Tencent has tweaked its M&A strategy to place a greater emphasis on purchasing majority stakes in video game companies located outside of China.
That's according to a report from Reuters, which claims to have spoken with people with direct knowledge of Tencent's plans.
Those anonymous sources said the Chinese company now wants to offset waning growth on home soil by more heavily investing in overseas game businesses.
They added that Tencent is specifically interested in taking majority and controlling stakes in companies based in Europe.
Anybody who's been keeping tabs on Tencent's recent spending won't be surprised by those claims, with the company having broadened its horizons as regulators in China seek to impose restrictions on spending and playtime in video games.

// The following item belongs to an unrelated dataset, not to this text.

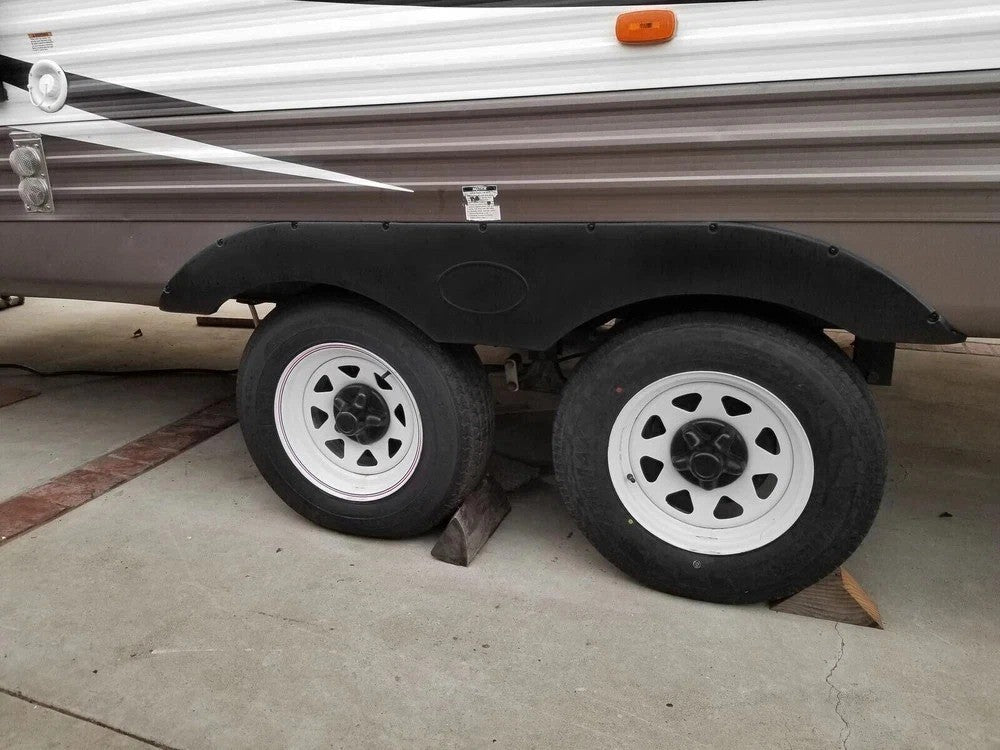 HECASA 2 Tandem Pair Black Trailer Fender Skirt For RVs Campers And Trailers Set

Still, it's interesting to hear sources close to Tencent claim the company has indeed refocused its M&A strategy in the wake of that regulatory crackdown.
One source said that while video game companies remain Tencent's primary target, the company is also interested in purchasing metaverse assets.
Addressing the report in a comment handed to Retuers, Tencent said it began investing abroad "long before" new regulations were rolled out in China, and that it's always looking for "innovative companies with talented management teams."
That said, there seems to be a clear trend when glancing at Tencent's latest investments, with the company having invested in studios and companies based in Slovenia, Spain, and Japan. Notably, Tencent also recently grabbed a $300 million stake in Guillemot Brothers Limited, the core shareholder of French publisher Ubisoft.